Polish Your Student

We stopped by a gift shop in a rustic, refurbished mining town on a beautiful spring afternoon. The shop smelled of leather, soft smooth jazz playing in the background was overlaid by the clip-clop sounds of our feet on old wooden floors and the buzzing of a finishing tool at work upon some silver jewelry. We espied a group of beautiful stones behind the glass counter, of various sizes, colors, and not expensive. They were available for mounting or simply purchased as souvenirs. They were opalescent, sapphire, sparkling, golden, streaked with rivulets of variegated colors; they were marvelous. After discussing the stones, sources and how they were created with the owner, we walked away with a rock tumbler/polisher and sands of varying grit size.

For the next month, my son spent hours searching for and collecting good looking rocks. The small polisher was prepared and we let it do its job for approximately 72 hours. We opened out tumbler and found a group of still ruddy objects, marginally smoother, but without gleam. We returned the sample and started again. A couple of days later we appraised the stones again, finding them a bit smoother, but scarcely reflective. We continued, but head out to the garage to oil up and massage the gloves, baseball season was about to start.
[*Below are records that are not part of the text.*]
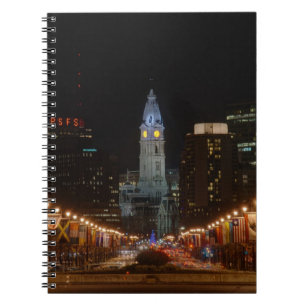 Cuaderno Ayuntamiento
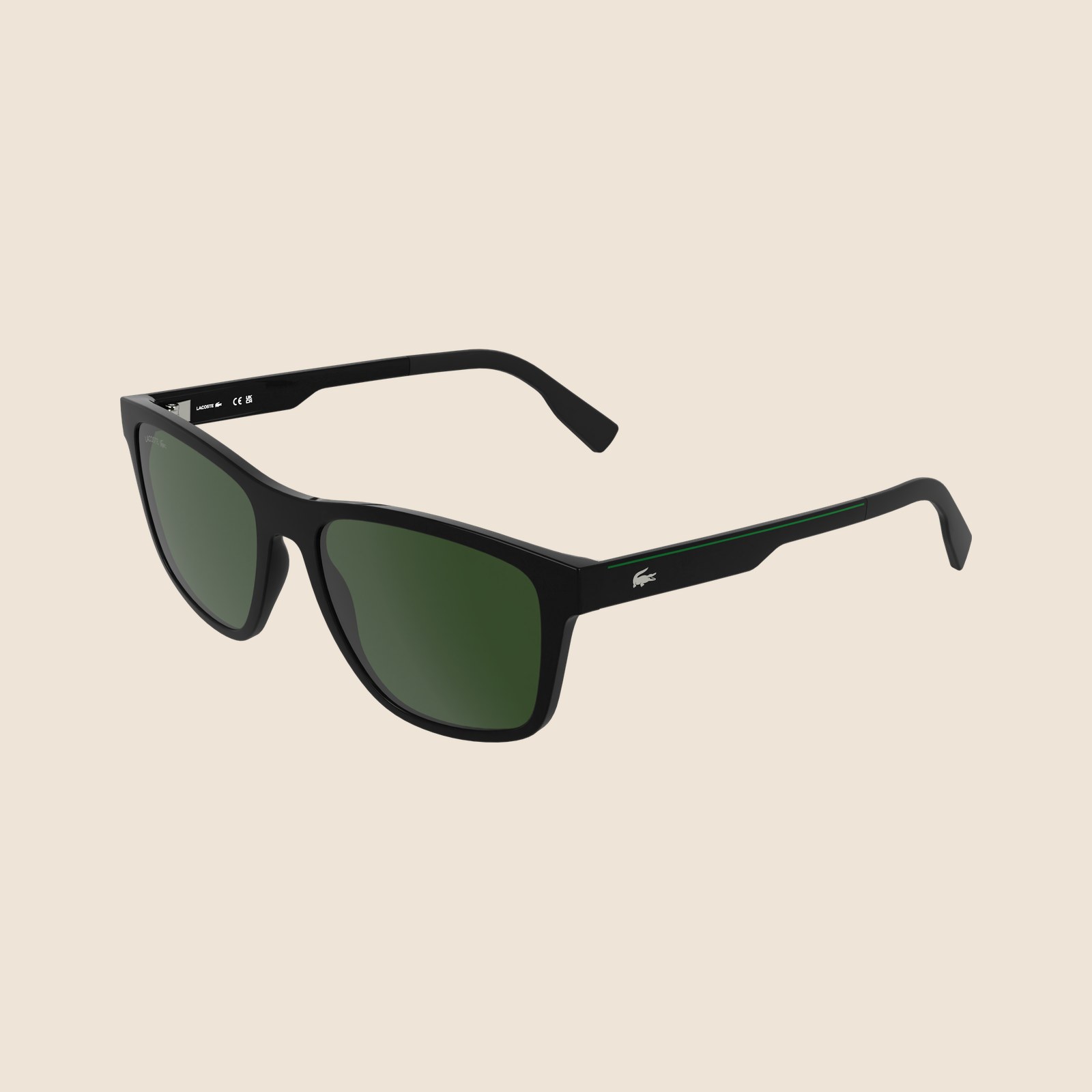 Lacoste L6078S Preto
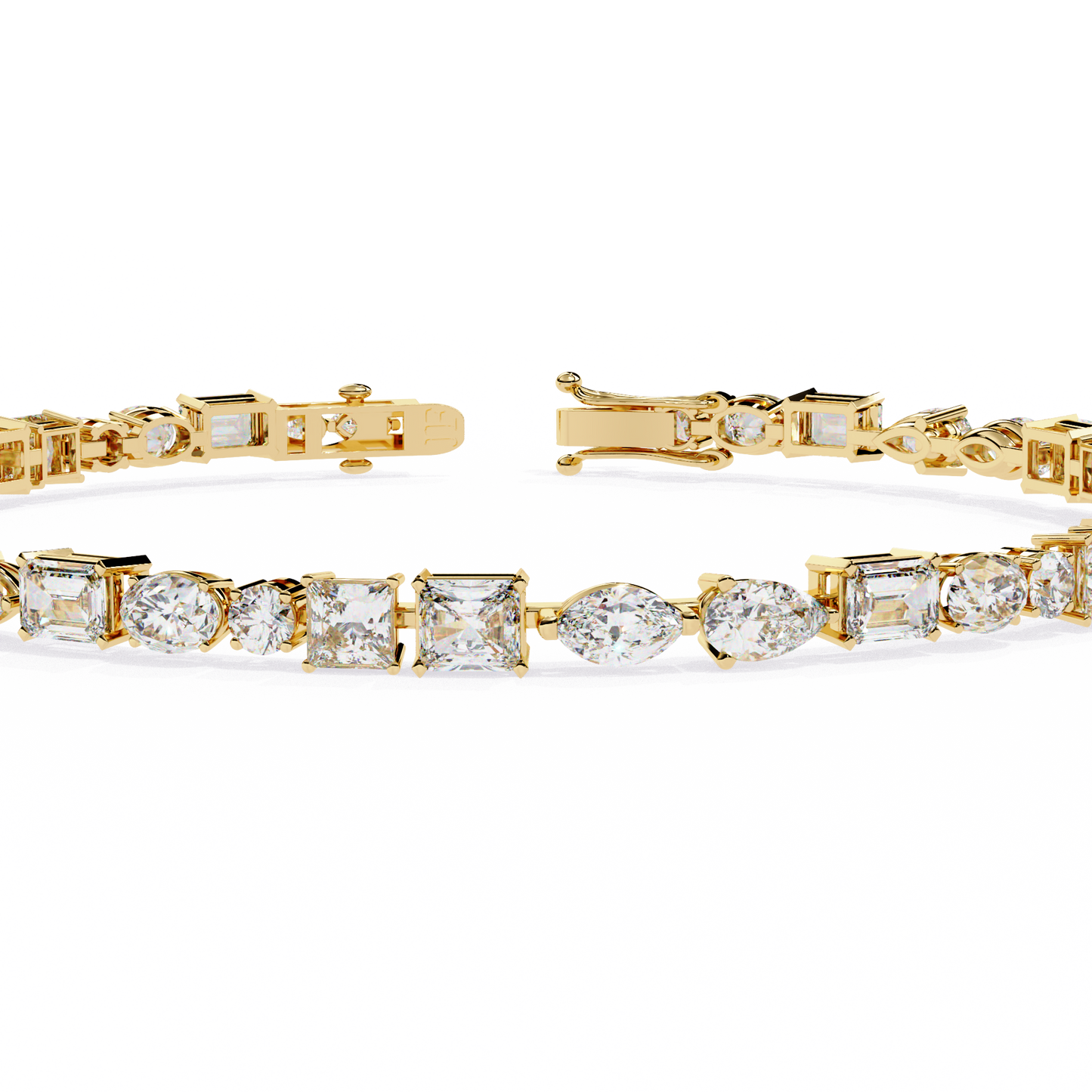yellow gold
Turning off the tumbler/polisher after approximately six days, briefly examined our stones and moved on, baseball practice rolled into games and summer rolled into fall, winter and other activities. Our stones were pushed behind and under many other materials. No one asked about their whereabouts in the near future or over time. Thirteen years later we still have a clear display box labeled “My rock collection” filled with rough specimens with plenty of possibilities.
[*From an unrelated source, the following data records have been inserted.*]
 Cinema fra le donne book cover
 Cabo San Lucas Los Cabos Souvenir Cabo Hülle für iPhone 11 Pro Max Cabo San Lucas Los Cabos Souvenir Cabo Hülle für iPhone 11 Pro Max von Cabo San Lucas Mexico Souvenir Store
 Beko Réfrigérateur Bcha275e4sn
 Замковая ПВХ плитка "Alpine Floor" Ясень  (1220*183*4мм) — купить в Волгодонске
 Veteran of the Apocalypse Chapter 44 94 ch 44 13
Your many variegated students do not have the time or inclination to wait until you come back around. They cannot wait for you to re/gain your excitement, patience, and interest in helping them to flourish and shine. Moreover, their polished gleaming nature often does not present itself readily and easily, similarly to rocks in a polisher. However, their gleam is there. Polish your student with the patience, quality time, resources, and the attention s/he deserves.